Has not been updated to reflect any changes in the budget
Key takeaways from this article
- There are three types of death benefits available under money purchase schemes.
- Taxation on death benefits depends on benefit type, age and date claim finalised.
- Completing an expression of wish is very important.
1. Benefit types
Broadly, there are three main types of death benefits available under a money purchase pension scheme:
- lump sums
- flexi-access drawdown
- annuities
You should check with your client’s pension provider to see what is available under their scheme rules as they may offer less than what is available. Quilter offers all three options, although beneficiaries choosing an annuity will be required to purchase it with another provider.
2. Who can receive a death benefit?
Lump sums
Under legislation, there is no limitation on who can receive a lump sum death benefit. However, generally schemes will define who can receive lump sums in their scheme rules.
Under the Collective Retirement Account the following people can receive lump sums:
- Any person or entity nominated by the member (normally on an expression of wish)
- Any of the member’s ‘dependants’
- Any descendant or step descendant of the grandparents of the member, member’s spouse or civil partner
- Any person named as entitled to part of the estate in the member’s Will
- The legal representative who will then distribute in line with the rest of the estate
- Any trust which is for the benefit of any of the above
Beneficiary’s Flexi-access drawdown and annuity
The word ‘beneficiary’ is the collective term for a dependant, nominee or successor. Under legislation only a ‘dependant’, ‘nominee’ or a ‘successor’ can have the option of beneficiary’s drawdown or beneficiary’s annuity.
3. What benefits are taxable?
When the member dies, any remaining right to take a pension commencement lump sum, is lost upon their death. Whether the beneficiaries will pay tax on their benefit depends on - the age of the member when they die, what type of benefit it is and how long it takes to finalise the benefit.
What is tax-free?
- Charity lump sum death benefits.
- Beneficiary drawdown and annuity if the member died below age 75, it is coming from uncrystallised funds, and it is set up within two years of notification of death.
- Beneficiary drawdown and annuity if the member died below age 75 and it is coming from crystallised funds.

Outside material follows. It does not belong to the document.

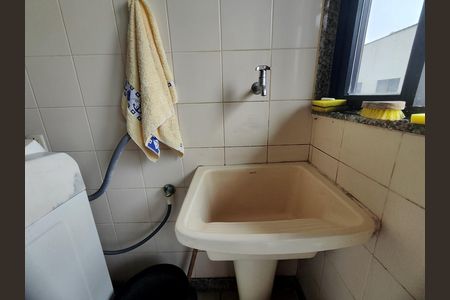 Apartamento para alugar com 214m², 3 quartos e 3 vagasÁrea de Serviço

- Lump sums within the Individual’s Lump Sum and Death Benefit Allowance (ILSDBA)* - this is only applicable where the member died below age 75 and the lump sum is paid out within two years** of notification of death. Details about the types of lump sums can be found here.
What is taxable?
- Trivial commutation lump sum death benefits.
- All benefits (other than a charity lump sum death benefit) where the member dies over age 75.
- Beneficiary drawdown and annuity, if the member died below age 75, it is coming from uncrystallised funds, and it is not set up within two years of notification of death.
- Any lump sum death benefit that takes longer than two years** after notification of death to pay out.
- The amount of any lump sum death benefit (other than a charity lump sum) that exceeds the remaining ILSDBA* - this is only applicable where the member died below age 75 and the lump sum is paid out within two years** of notification of death.
* However to prevent double counting, any lump sums paid from funds that crystallised before 6 April 2024 are not tested against ILSDBA because they will have been tested against the lifetime allowance.
** There is no two year deadline for pension/annuity protection lump sum death benefits or a charity lump sum death benefit.
5. Who accounts for the tax?
Where a benefit is taxable because the member died 75 or older, or the benefit is not finalised within 2 years, the scheme will deduct tax and pay it to HMRC.
Where a member dies under age 75, any lump sums paid within 2 years, will be paid by the scheme without tax deducted. It is then the responsibility of the legal representative to work out if the total of all lump sums paid out are within the deceased’s remaining ILSDBA. If some or all of a lump sum is taxable because it exceeds the deceased’s remaining ILSDBA, the legal representative will need to report this to HRMC. HMRC will then liaise with the beneficiary about any tax due.
6. IHT
Where a pension scheme has discretion over who to pay death benefits to, those benefits are generally outside of the estate. They will not be taken into account for IHT. The exception is, when a member is in ill health, transfers their pension and dies within two years. In that circumstance HMRC may consider part of the value of the pension within the estate for IHT purposes.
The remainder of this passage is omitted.